The First AI Art Generator That Can Spell: New FREE Open Source AI Art Generator
Based on MattVidPro's video on YouTube. If you like this content, support the original creators by watching, liking and subscribing to their content.
Mid-journey V4 can generate visually strong images but often produces unreliable or incorrect text, motivating demand for spelling-capable models.
Briefing
Text-to-image AI has long struggled with one basic requirement: producing readable, correctly spelled words. Mid-journey V4 can generate beautiful images, but its lettering often turns into gibberish or near-misses—prompting a years-long search for models that can actually spell.
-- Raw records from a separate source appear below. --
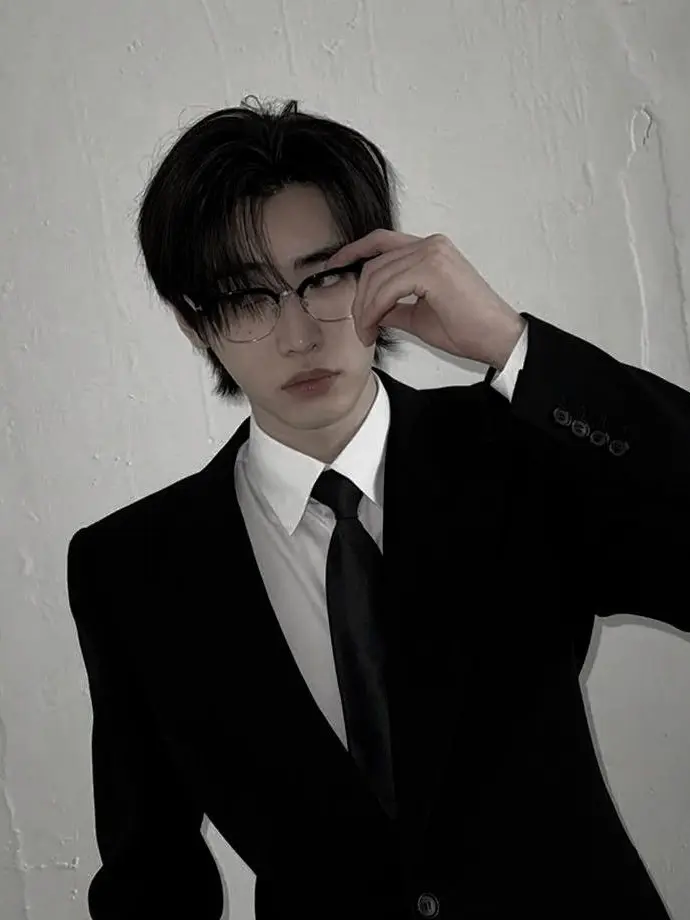 __vitalixy_sim의 • . Strict teacher X Fun teacher . •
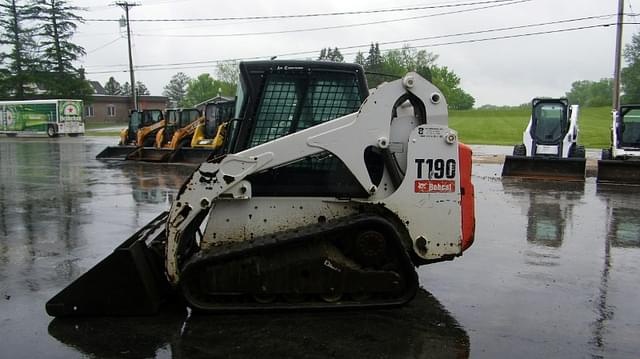 Image of Bobcat T190 equipment image 2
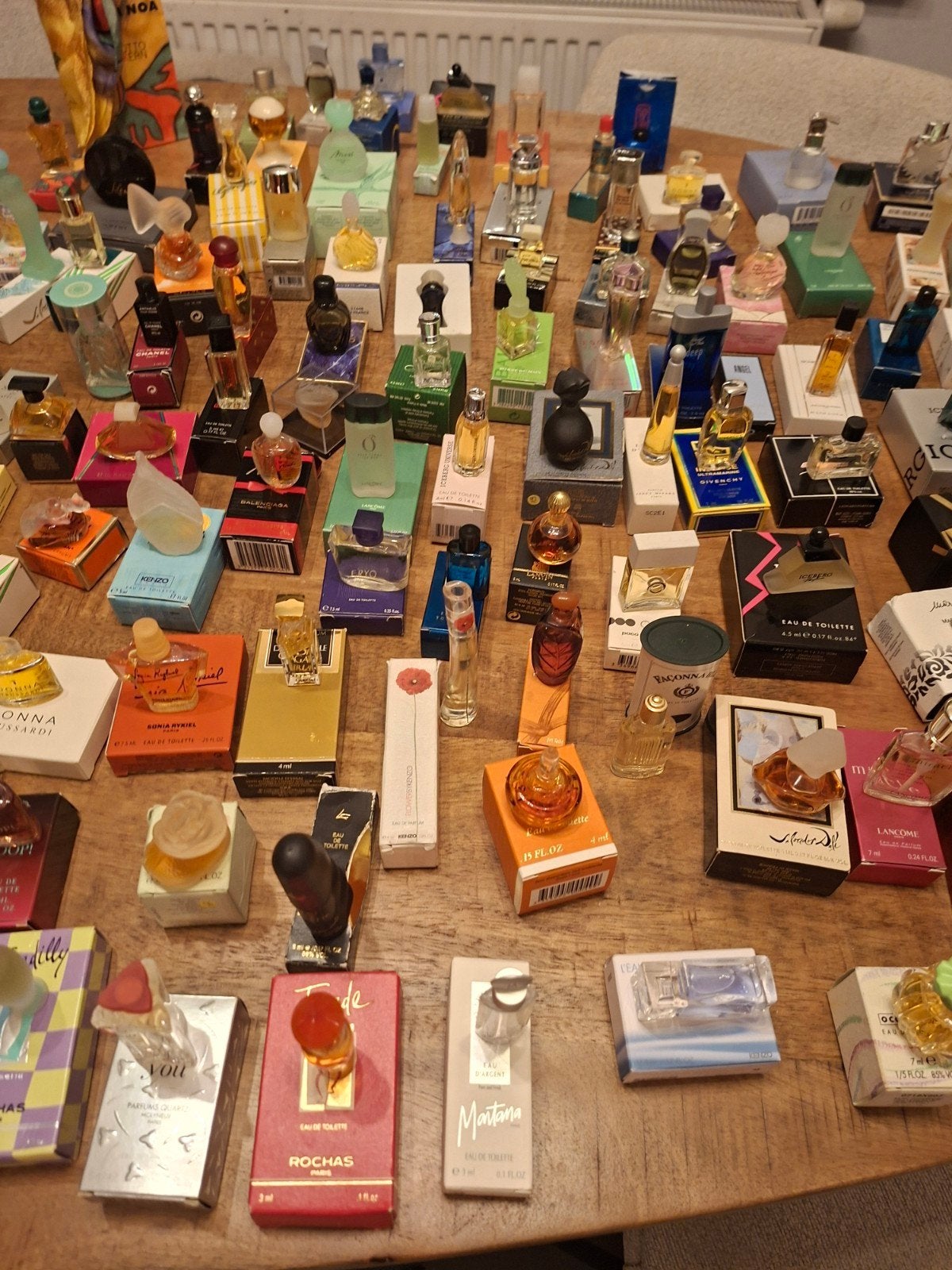 Heeeeele grote verzameling van meer dan 100 miniaturen +doos, Verzamelen, Parfumverzamelingen, Ophalen of Verzenden, Nieuw, Miniatuur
Google’s earlier “party” line of models showed incremental progress (from partial letters to occasional full words at very large parameter counts), but access was restricted, leaving most users stuck with models that can’t reliably write.
A new candidate aims to change that. A Google model described as a masked modeling system in discrete token space is positioned as a more efficient alternative to pixel-space diffusion approaches (including prior systems like DALL·E 2 and Muse-style diffusion). Instead of generating images pixel-by-pixel, it predicts randomly masked image tokens, with the input text first extracted from a large language model and then used to guide token prediction. Google claims state-of-the-art image generation performance—specifically including coherent spelling—while also reducing generation time through parallel decoding. The approach is also tied to “mask-free” and editing workflows: after an initial image is produced, the system can iteratively resample image tokens conditioned on a new text prompt to modify objects, swap elements (like changing the food next to a latte), or alter scene details (such as changing backgrounds from New York to Paris or adding hot air balloons).
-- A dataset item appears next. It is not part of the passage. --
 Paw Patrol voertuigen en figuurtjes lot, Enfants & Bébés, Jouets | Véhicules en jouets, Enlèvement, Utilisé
The most immediately actionable news in the transcript comes from Deep Floyd AI, working in partnership with Stability AI. Deep Floyd announced an “if” model that produces sharply legible text in generated images—examples include clear, Photoshop-like lettering and consistent word shapes in multiple prompts. The announcement is framed around a playful poem (“if I were a model, I’d be open source”), and the model is presented as likely to be open source, with free variants available through websites similar to how Stable Diffusion is distributed. The transcript also highlights a range of themed generations—spray-painted phrases on walls, signage-style text, and character prompts—where the spelling is described as unusually accurate for text-to-image systems.
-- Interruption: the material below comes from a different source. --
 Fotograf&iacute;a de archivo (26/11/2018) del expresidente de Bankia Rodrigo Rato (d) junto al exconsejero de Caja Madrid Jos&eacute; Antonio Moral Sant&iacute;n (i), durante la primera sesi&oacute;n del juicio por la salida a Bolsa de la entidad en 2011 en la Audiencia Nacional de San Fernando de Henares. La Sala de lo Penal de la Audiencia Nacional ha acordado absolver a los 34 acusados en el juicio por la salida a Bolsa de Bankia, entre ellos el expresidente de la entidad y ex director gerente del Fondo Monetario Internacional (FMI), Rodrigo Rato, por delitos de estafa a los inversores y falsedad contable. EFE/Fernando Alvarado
For users who want something to try right now, the transcript points to “Carlo,” a model that can produce text accurately in some cases. Carlo is available via a free iOS/Android app called B carrot discover, and it can also be accessed raw on Hugging Face. The results are described as prompt-dependent: simple words like “hello” can come out readable, though errors still happen (such as missing or extra letters). The model is labeled alpha, with a full release expected later.
Taken together, the message is clear: the next wave of text-to-image progress is shifting from “pretty pictures with messy text” toward systems that can reliably render readable words—either through Google’s token-based masked modeling approach, Deep Floyd’s open-source “if” push, or free early-access tools like Carlo.
Cornell Notes
Text-to-image models have improved dramatically at generating images, but readable spelling has remained a weak spot. Mid-journey V4 often produces attractive visuals with unreliable or incorrect text. Google’s newer approach uses masked modeling in discrete token space, predicting masked image tokens guided by text extracted from a large language model; Google claims this yields state-of-the-art image quality and coherent spelling while being more efficient than pixel-space diffusion methods. Deep Floyd AI’s “if” model is presented as producing unusually accurate lettering and is expected to be open source with free variants. For hands-on testing, Carlo is offered for free via a mobile app and Hugging Face, with spelling accuracy that varies by prompt.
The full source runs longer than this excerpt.